# Assigned task
Please copy exactly the lines from the top of the data through the line containing "Libros: El maestro", and nothing else.

Crawled caption data
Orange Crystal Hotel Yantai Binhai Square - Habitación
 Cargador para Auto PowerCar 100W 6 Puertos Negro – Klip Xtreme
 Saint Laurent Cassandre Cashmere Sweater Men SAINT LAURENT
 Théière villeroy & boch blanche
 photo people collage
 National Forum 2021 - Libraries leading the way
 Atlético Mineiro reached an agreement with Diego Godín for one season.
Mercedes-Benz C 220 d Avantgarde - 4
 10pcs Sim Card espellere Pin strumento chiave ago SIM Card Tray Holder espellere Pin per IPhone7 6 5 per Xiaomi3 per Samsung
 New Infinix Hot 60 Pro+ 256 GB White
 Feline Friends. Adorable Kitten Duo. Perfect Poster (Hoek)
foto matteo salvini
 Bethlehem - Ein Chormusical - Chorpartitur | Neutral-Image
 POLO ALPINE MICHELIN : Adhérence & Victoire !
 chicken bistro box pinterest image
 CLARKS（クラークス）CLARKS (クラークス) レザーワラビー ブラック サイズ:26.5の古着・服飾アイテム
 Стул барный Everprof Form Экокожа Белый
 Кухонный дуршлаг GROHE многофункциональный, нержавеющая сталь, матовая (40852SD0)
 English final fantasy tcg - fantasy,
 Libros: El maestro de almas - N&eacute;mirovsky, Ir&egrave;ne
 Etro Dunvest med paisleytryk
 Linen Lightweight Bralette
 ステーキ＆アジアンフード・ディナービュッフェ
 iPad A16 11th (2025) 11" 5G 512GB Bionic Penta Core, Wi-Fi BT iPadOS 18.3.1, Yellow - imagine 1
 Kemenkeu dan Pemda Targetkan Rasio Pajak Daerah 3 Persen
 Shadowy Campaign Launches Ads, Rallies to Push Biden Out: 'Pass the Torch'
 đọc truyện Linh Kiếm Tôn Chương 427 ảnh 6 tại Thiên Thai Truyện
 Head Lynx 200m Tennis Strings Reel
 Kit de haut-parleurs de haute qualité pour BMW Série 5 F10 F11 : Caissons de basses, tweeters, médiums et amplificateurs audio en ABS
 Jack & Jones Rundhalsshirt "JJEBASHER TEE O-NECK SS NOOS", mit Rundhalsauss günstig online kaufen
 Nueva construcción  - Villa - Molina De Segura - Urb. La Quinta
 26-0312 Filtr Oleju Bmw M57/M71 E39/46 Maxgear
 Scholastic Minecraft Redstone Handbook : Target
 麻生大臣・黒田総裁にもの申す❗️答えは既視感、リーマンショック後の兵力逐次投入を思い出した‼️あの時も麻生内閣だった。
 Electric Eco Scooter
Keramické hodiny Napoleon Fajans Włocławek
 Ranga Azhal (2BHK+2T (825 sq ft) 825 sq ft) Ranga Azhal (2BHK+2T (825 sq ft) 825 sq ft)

# Response to this exercise
Orange Crystal Hotel Yantai Binhai Square - Habitación
 Cargador para Auto PowerCar 100W 6 Puertos Negro – Klip Xtreme
 Saint Laurent Cassandre Cashmere Sweater Men SAINT LAURENT
 Théière villeroy & boch blanche
 photo people collage
 National Forum 2021 - Libraries leading the way
 Atlético Mineiro reached an agreement with Diego Godín for one season.
Mercedes-Benz C 220 d Avantgarde - 4
 10pcs Sim Card espellere Pin strumento chiave ago SIM Card Tray Holder espellere Pin per IPhone7 6 5 per Xiaomi3 per Samsung
 New Infinix Hot 60 Pro+ 256 GB White
 Feline Friends. Adorable Kitten Duo. Perfect Poster (Hoek)
foto matteo salvini
 Bethlehem - Ein Chormusical - Chorpartitur | Neutral-Image
 POLO ALPINE MICHELIN : Adhérence & Victoire !
 chicken bistro box pinterest image
 CLARKS（クラークス）CLARKS (クラークス) レザーワラビー ブラック サイズ:26.5の古着・服飾アイテム
 Стул барный Everprof Form Экокожа Белый
 Кухонный дуршлаг GROHE многофункциональный, нержавеющая сталь, матовая (40852SD0)
 English final fantasy tcg - fantasy,
 Libros: El maestro de almas - N&eacute;mirovsky, Ir&egrave;ne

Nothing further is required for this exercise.